*Work order*. When you copy the records, keep every word exact and leave the pictures out.

[Captioned web images]
☆ ☆ ☆ ☆ ☆ ☆ ☆
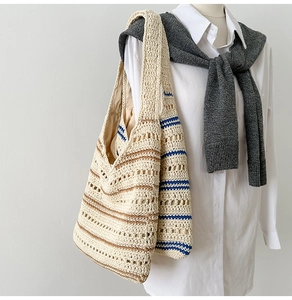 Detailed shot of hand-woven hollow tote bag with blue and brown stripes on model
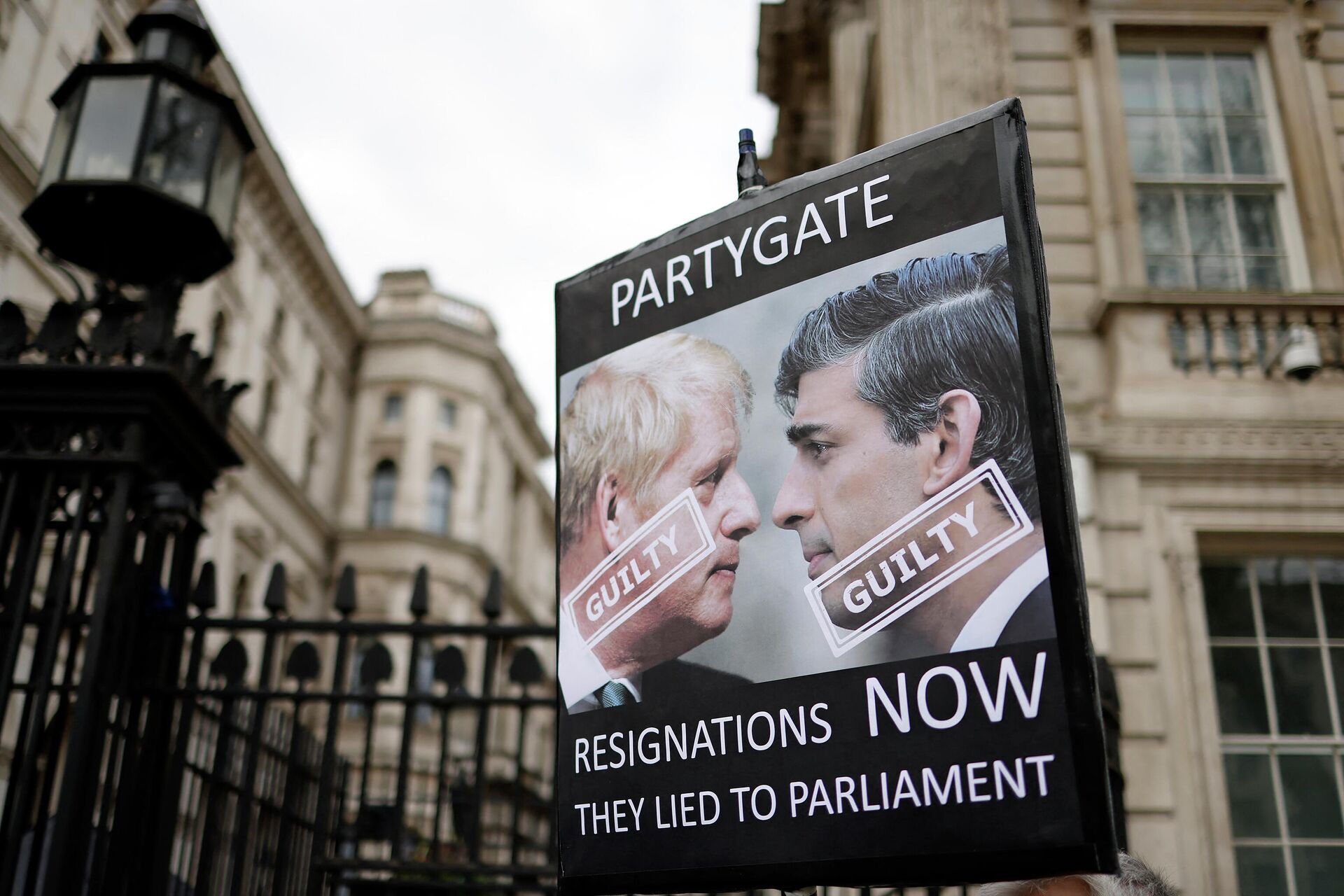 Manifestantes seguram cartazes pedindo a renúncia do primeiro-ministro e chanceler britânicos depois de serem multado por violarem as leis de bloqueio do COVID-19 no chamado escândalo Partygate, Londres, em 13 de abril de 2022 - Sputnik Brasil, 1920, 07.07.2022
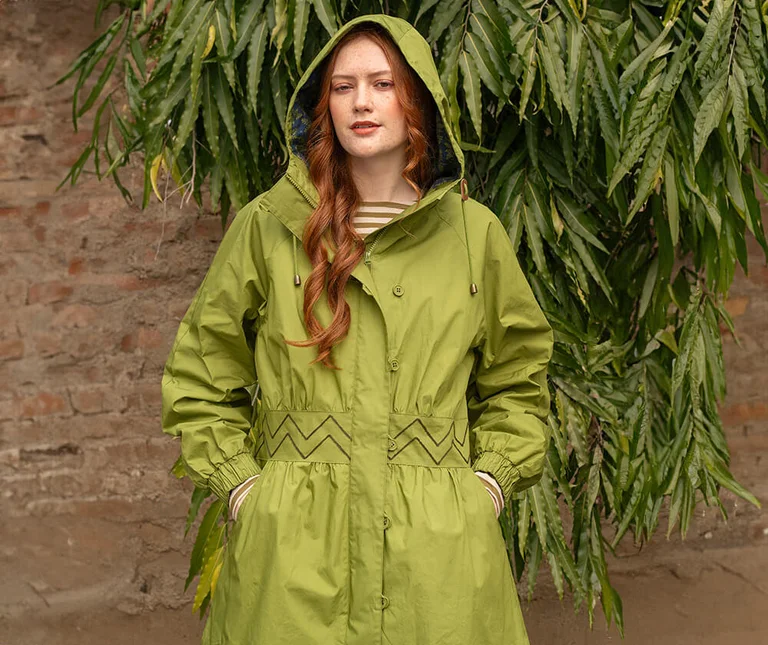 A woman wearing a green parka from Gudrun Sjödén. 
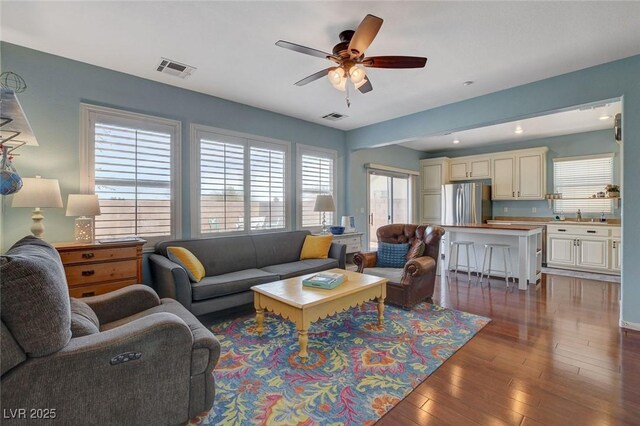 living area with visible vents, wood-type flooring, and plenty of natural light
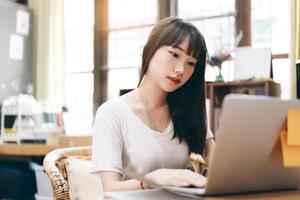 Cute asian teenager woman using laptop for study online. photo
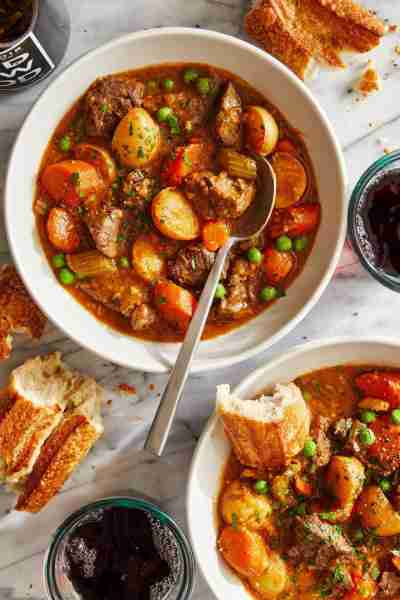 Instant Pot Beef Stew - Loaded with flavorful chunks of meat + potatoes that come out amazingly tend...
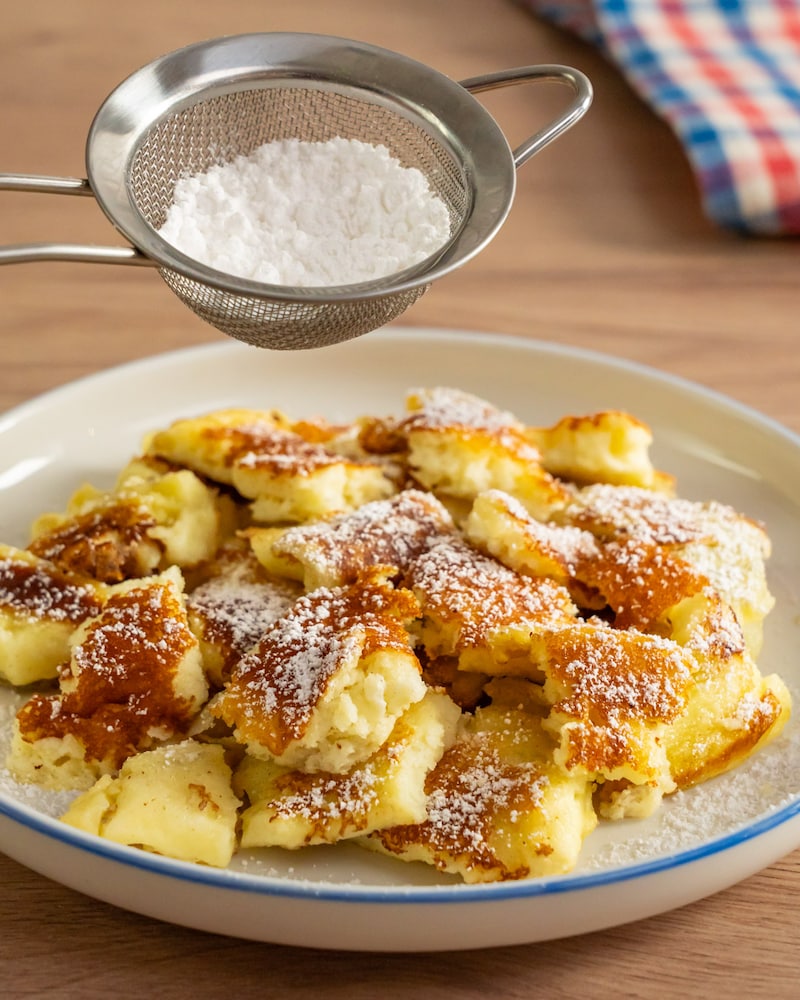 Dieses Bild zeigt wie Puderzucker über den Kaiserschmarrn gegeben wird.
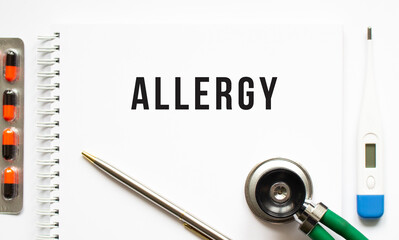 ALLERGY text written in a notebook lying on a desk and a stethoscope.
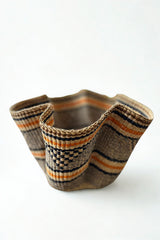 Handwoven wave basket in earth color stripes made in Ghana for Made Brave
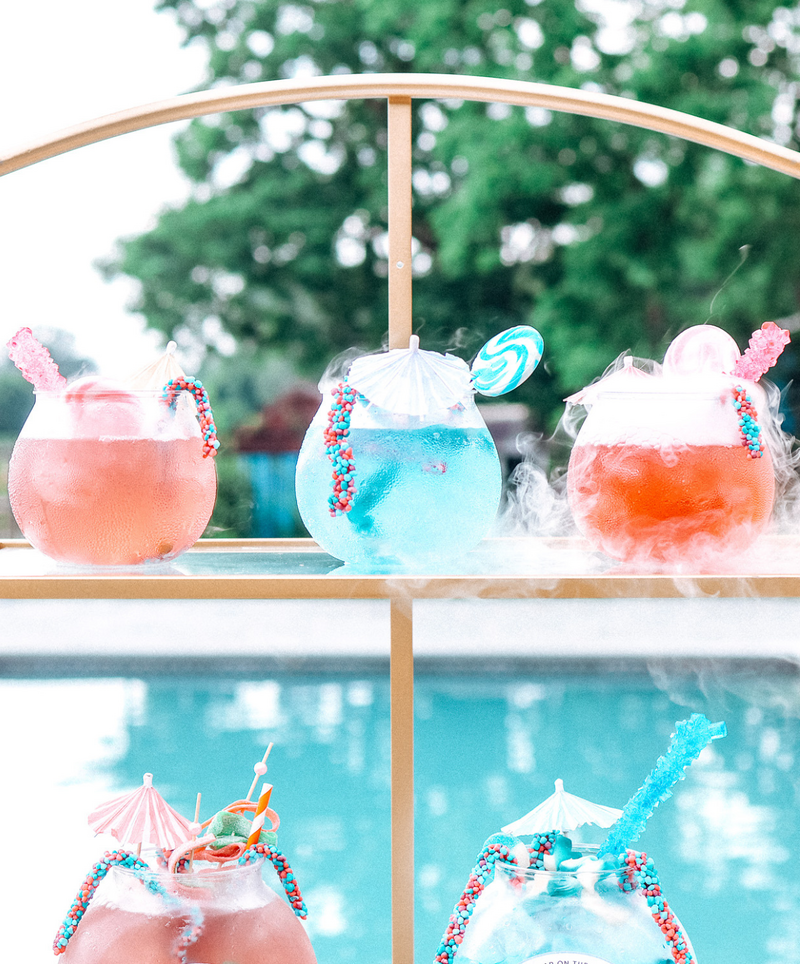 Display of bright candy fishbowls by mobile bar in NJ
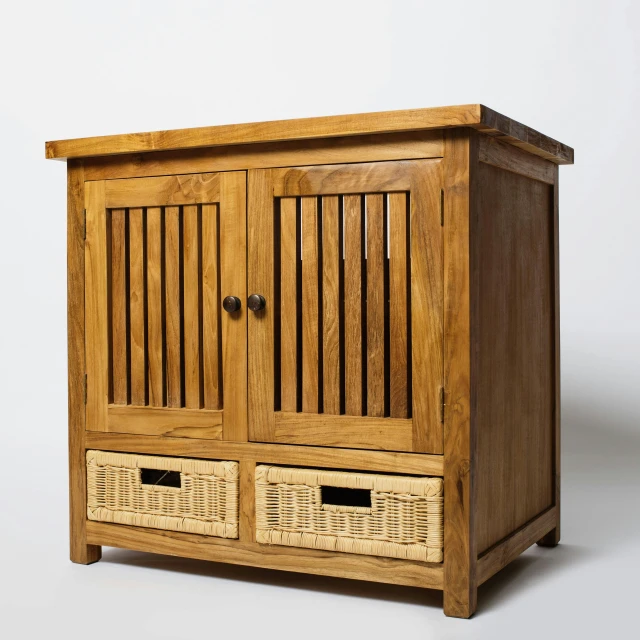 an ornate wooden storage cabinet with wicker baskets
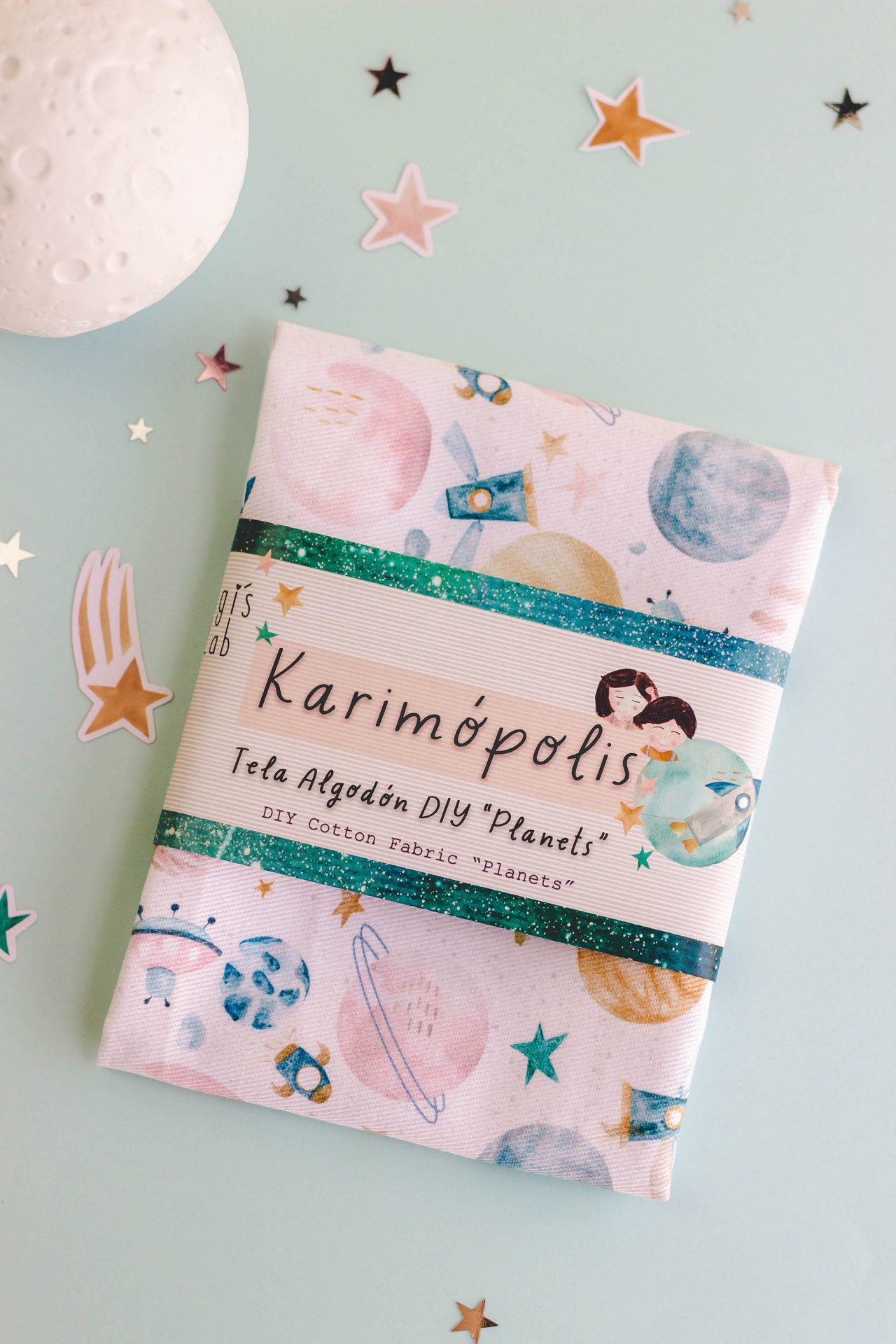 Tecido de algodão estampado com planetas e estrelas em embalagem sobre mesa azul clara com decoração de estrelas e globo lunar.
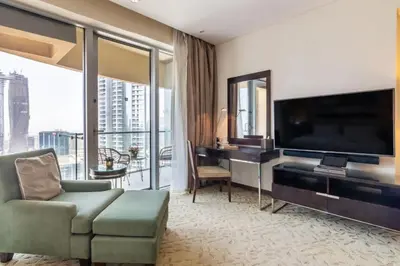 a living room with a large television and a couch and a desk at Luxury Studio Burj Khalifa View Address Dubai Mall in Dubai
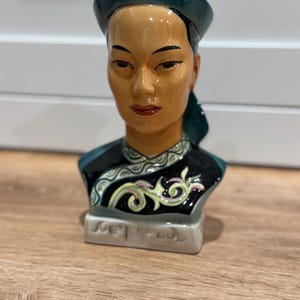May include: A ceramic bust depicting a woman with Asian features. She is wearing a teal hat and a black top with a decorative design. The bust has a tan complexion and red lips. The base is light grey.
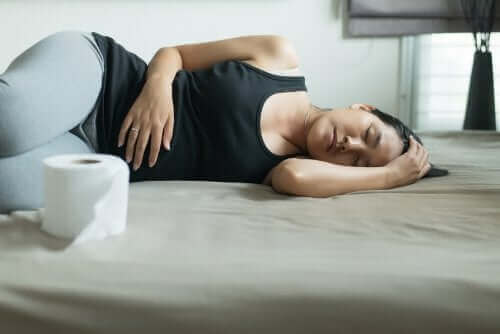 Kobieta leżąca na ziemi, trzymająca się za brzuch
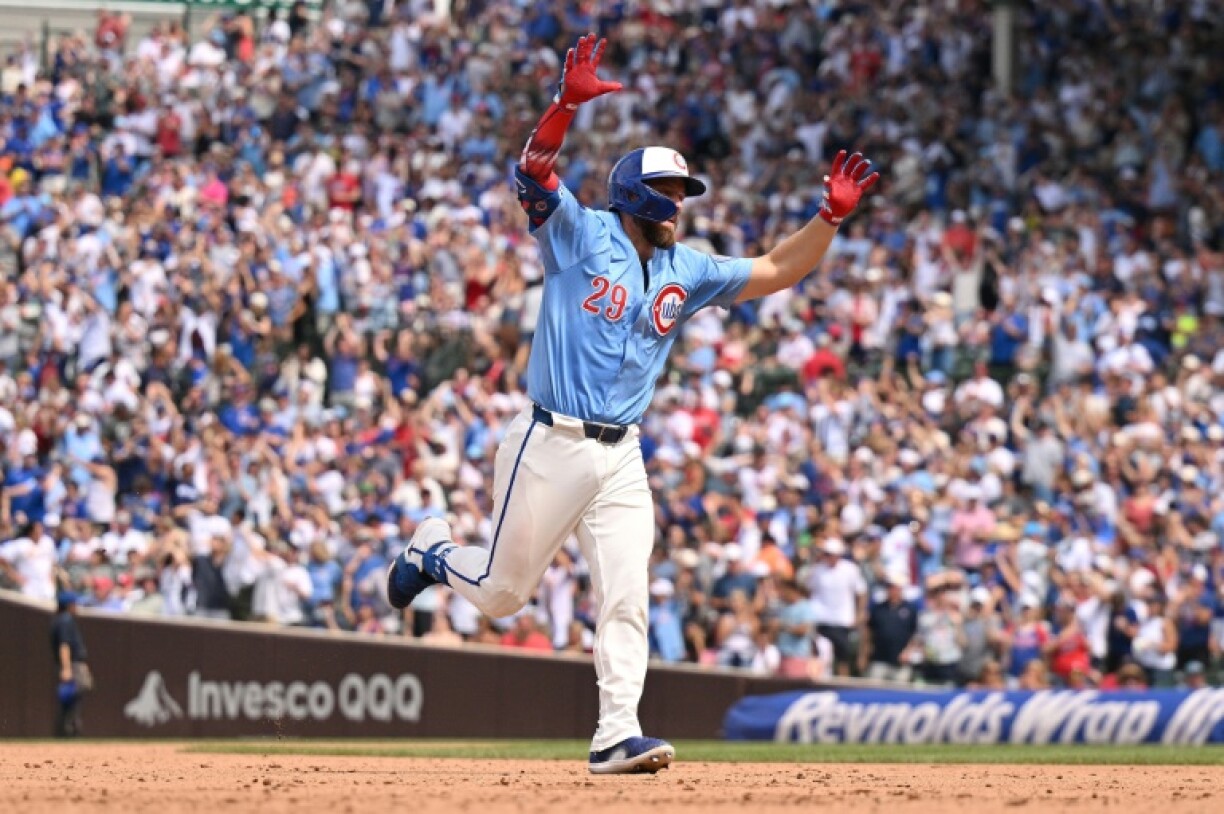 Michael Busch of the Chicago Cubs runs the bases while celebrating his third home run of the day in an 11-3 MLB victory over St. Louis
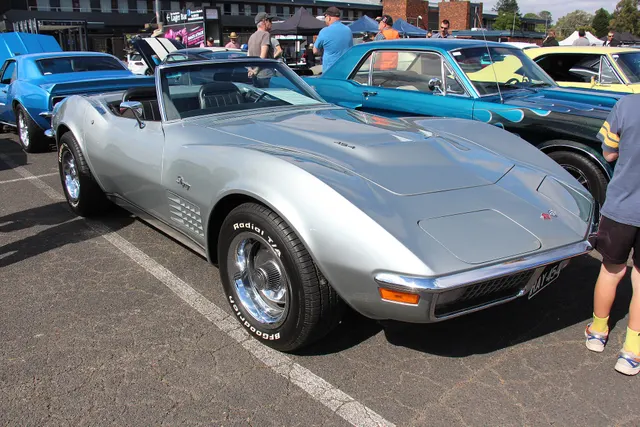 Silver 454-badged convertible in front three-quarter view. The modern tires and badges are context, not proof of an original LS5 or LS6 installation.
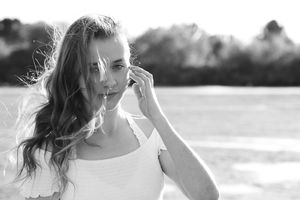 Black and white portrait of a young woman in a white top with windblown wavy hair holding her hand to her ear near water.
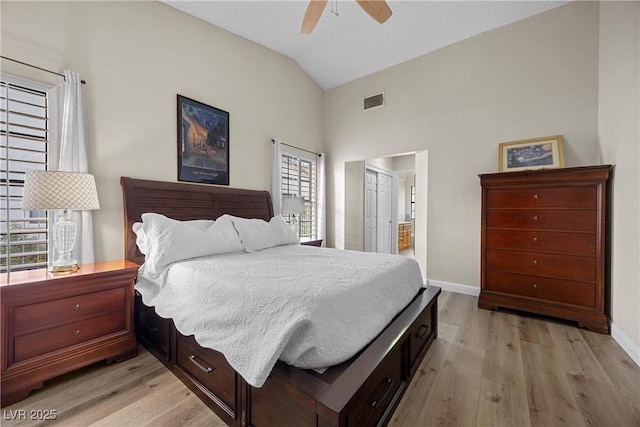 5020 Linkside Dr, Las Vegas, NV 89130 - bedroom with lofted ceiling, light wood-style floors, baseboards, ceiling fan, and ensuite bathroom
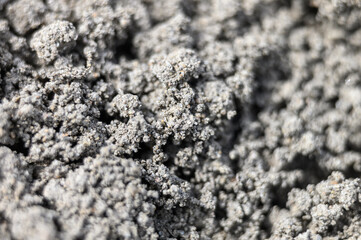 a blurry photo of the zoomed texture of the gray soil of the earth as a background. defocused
☆ ☆ ☆ ☆ ☆ ☆ ☆
*Result*.
 Detailed shot of hand-woven hollow tote bag with blue and brown stripes on model
 Manifestantes seguram cartazes pedindo a renúncia do primeiro-ministro e chanceler britânicos depois de serem multado por violarem as leis de bloqueio do COVID-19 no chamado escândalo Partygate, Londres, em 13 de abril de 2022 - Sputnik Brasil, 1920, 07.07.2022
 A woman wearing a green parka from Gudrun Sjödén. 
 living area with visible vents, wood-type flooring, and plenty of natural light
 Cute asian teenager woman using laptop for study online. photo
 Instant Pot Beef Stew - Loaded with flavorful chunks of meat + potatoes that come out amazingly tend...
 Dieses Bild zeigt wie Puderzucker über den Kaiserschmarrn gegeben wird.
 ALLERGY text written in a notebook lying on a desk and a stethoscope.
 Handwoven wave basket in earth color stripes made in Ghana for Made Brave
 Display of bright candy fishbowls by mobile bar in NJ
 an ornate wooden storage cabinet with wicker baskets
 Tecido de algodão estampado com planetas e estrelas em embalagem sobre mesa azul clara com decoração de estrelas e globo lunar.
 a living room with a large television and a couch and a desk at Luxury Studio Burj Khalifa View Address Dubai Mall in Dubai
May include: A ceramic bust depicting a woman with Asian features. She is wearing a teal hat and a black top with a decorative design. The bust has a tan complexion and red lips. The base is light grey.
 Kobieta leżąca na ziemi, trzymająca się za brzuch
 Michael Busch of the Chicago Cubs runs the bases while celebrating his third home run of the day in an 11-3 MLB victory over St. Louis
 Silver 454-badged convertible in front three-quarter view. The modern tires and badges are context, not proof of an original LS5 or LS6 installation.
 Black and white portrait of a young woman in a white top with windblown wavy hair holding her hand to her ear near water.
 5020 Linkside Dr, Las Vegas, NV 89130 - bedroom with lofted ceiling, light wood-style floors, baseboards, ceiling fan, and ensuite bathroom
 a blurry photo of the zoomed texture of the gray soil of the earth as a background. defocused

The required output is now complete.